▶ **EXERCISE DETAILS**
In the reply, include exactly the lines of the entries below from the first to the line with "Square Swivel Adjustable", that line included.

▶ **Records from a collection**
* * * * *

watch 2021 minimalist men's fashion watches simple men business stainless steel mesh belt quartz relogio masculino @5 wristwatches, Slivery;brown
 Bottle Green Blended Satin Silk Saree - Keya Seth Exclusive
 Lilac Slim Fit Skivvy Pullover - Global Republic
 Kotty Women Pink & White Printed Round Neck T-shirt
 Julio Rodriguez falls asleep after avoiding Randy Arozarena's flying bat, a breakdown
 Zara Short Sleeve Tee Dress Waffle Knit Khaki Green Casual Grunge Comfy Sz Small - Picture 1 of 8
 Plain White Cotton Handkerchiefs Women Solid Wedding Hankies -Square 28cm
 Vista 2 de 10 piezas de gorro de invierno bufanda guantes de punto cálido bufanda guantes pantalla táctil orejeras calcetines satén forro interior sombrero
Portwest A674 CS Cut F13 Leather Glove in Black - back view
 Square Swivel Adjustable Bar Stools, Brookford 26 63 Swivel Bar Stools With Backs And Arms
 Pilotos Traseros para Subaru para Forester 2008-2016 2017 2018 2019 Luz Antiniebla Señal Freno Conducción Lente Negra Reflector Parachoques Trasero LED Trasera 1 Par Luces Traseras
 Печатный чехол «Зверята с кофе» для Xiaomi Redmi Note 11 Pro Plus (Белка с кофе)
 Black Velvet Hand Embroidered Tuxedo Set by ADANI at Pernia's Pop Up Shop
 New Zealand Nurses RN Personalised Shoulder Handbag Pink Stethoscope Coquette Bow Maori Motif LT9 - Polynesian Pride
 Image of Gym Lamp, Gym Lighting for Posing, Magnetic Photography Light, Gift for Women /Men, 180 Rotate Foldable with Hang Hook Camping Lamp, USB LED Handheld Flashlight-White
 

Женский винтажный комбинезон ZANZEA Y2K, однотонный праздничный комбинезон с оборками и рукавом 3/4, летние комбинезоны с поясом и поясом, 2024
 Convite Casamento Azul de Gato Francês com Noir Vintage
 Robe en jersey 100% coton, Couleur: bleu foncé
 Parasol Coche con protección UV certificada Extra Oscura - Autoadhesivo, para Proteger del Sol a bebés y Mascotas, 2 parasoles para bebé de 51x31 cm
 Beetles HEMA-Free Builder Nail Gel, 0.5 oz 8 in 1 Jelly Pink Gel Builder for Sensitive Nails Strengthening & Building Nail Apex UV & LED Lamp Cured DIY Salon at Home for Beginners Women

* * * * *

▶ **COMPLETED EXERCISE**
watch 2021 minimalist men's fashion watches simple men business stainless steel mesh belt quartz relogio masculino @5 wristwatches, Slivery;brown
 Bottle Green Blended Satin Silk Saree - Keya Seth Exclusive
 Lilac Slim Fit Skivvy Pullover - Global Republic
 Kotty Women Pink & White Printed Round Neck T-shirt
 Julio Rodriguez falls asleep after avoiding Randy Arozarena's flying bat, a breakdown
 Zara Short Sleeve Tee Dress Waffle Knit Khaki Green Casual Grunge Comfy Sz Small - Picture 1 of 8
 Plain White Cotton Handkerchiefs Women Solid Wedding Hankies -Square 28cm
 Vista 2 de 10 piezas de gorro de invierno bufanda guantes de punto cálido bufanda guantes pantalla táctil orejeras calcetines satén forro interior sombrero
Portwest A674 CS Cut F13 Leather Glove in Black - back view
 Square Swivel Adjustable Bar Stools, Brookford 26 63 Swivel Bar Stools With Backs And Arms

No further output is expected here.